## WORK TASK
Could you transcribe the entries below exactly, starting at the line that contains "Take this vehicle" and stopping at the last line, without any pictures?

═════ RECORDS SHOWN ═════

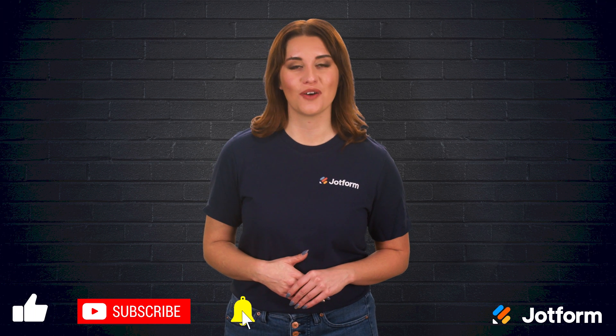I'm Alex with JotForm. Thanks for watching. Don't forget to subscribe to watch more JotForm videos.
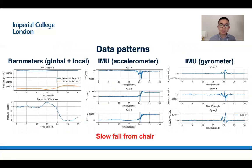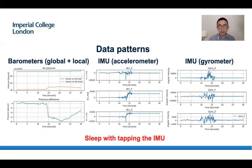You can see the data patterns for a slow fall from the chair. The barometer data profile is on the left. In the middle is the IMU with accelerometers, and on the right is the IMU with gyroscopes. The whole system has eight dimensions — it is very complex data. We also compared the slip with typical IMU data, and you can see the data is similar to the previous one.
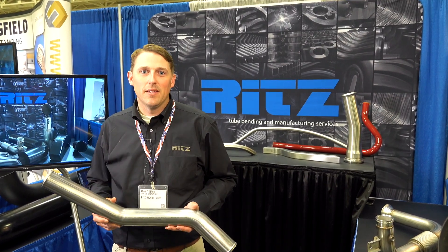I'm Adam Teeter with Ritz Machine Works. We specialize in tube bending and tubular assembly manufacturing. Our specialty has always been the larger diameter tight radius bending. That's where we really have tried to focus our skills.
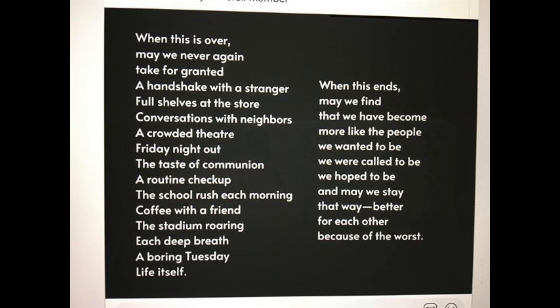She also sent me a few sayings she really wanted to encourage you guys with. 'When this is over, may we never again take for granted a handshake with a stranger, full shelves at the store, conversations with neighbors, a crowded theater, Friday night out, the taste of communion, a routine checkup, the school rush each morning, coffee with a friend, the stadium roaring, each deep breath, a boring Tuesday, life itself. When this ends, may we find that we have become more like the people we wanted to be, we were called to be, we hoped to be — and may we stay that way, better for each other because of the worst.' That is such a nice sentiment. Absolutely true.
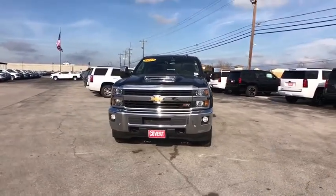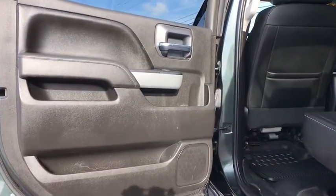Take this vehicle for a spin and see why so many shoppers are now proud owners.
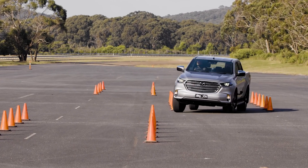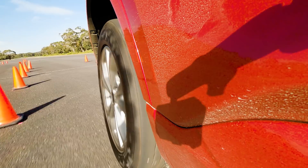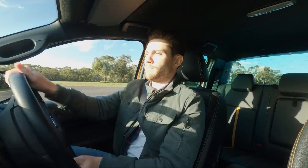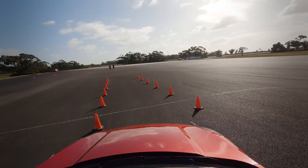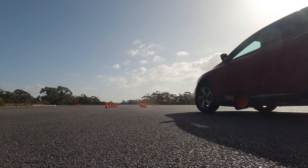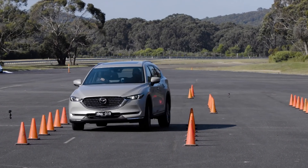The Moose Test is one of the most difficult activities for any vehicle, and it replicates a swerve and recover situation or a double lane change. We followed the official ISO 3.888 testing designation and ran each vehicle through the exercise at increasing speeds until cones were hit. Put simply, the higher the entry speed, the more capable the vehicle is.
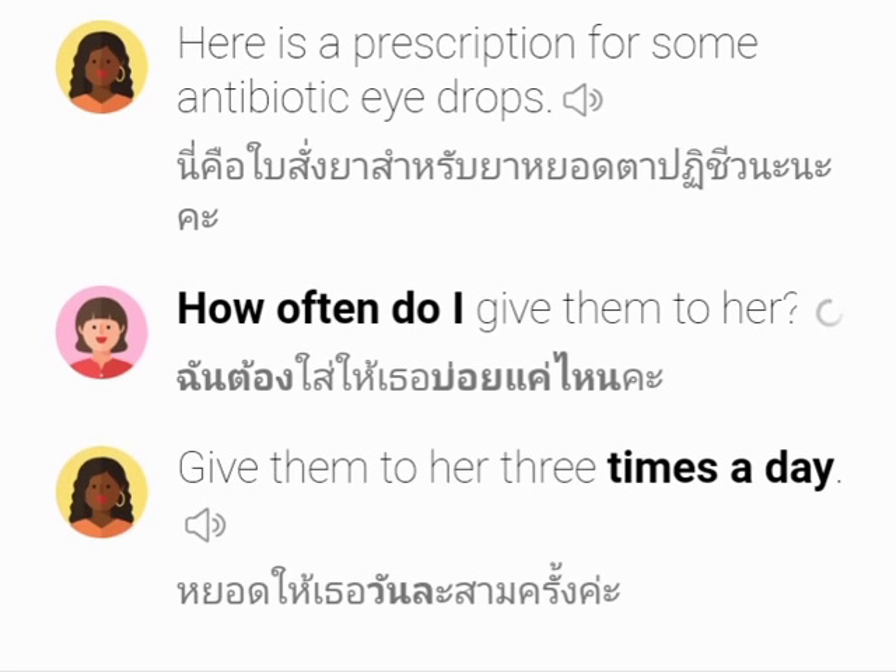How often do I give them to her? Give them to her three times a day. Thank you.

═════

## EXERCISE ANSWER
Take this vehicle for a spin and see why so many shoppers are now proud owners.
The Moose Test is one of the most difficult activities for any vehicle, and it replicates a swerve and recover situation or a double lane change. We followed the official ISO 3.888 testing designation and ran each vehicle through the exercise at increasing speeds until cones were hit. Put simply, the higher the entry speed, the more capable the vehicle is.
How often do I give them to her? Give them to her three times a day. Thank you.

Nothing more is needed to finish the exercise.